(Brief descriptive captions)
#####
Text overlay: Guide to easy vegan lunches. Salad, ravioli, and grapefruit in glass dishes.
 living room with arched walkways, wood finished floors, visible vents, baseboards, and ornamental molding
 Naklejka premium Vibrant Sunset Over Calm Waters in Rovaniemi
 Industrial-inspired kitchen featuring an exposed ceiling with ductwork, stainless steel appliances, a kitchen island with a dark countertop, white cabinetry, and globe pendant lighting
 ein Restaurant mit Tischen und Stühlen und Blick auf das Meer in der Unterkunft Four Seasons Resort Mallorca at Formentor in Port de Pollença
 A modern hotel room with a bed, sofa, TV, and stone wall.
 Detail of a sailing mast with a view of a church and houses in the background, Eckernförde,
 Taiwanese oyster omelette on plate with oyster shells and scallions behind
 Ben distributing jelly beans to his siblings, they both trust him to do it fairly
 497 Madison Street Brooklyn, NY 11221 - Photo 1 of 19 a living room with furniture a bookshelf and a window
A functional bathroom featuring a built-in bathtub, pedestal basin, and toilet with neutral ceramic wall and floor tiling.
#####
REQUIRED ACTION:
Please copy, word for word, every line from the first line of the records through the line containing "Naklejka premium Vibrant", with both of those lines included and nothing else.

SOLUTION TO THIS PROBLEM:
Text overlay: Guide to easy vegan lunches. Salad, ravioli, and grapefruit in glass dishes.
 living room with arched walkways, wood finished floors, visible vents, baseboards, and ornamental molding
 Naklejka premium Vibrant Sunset Over Calm Waters in Rovaniemi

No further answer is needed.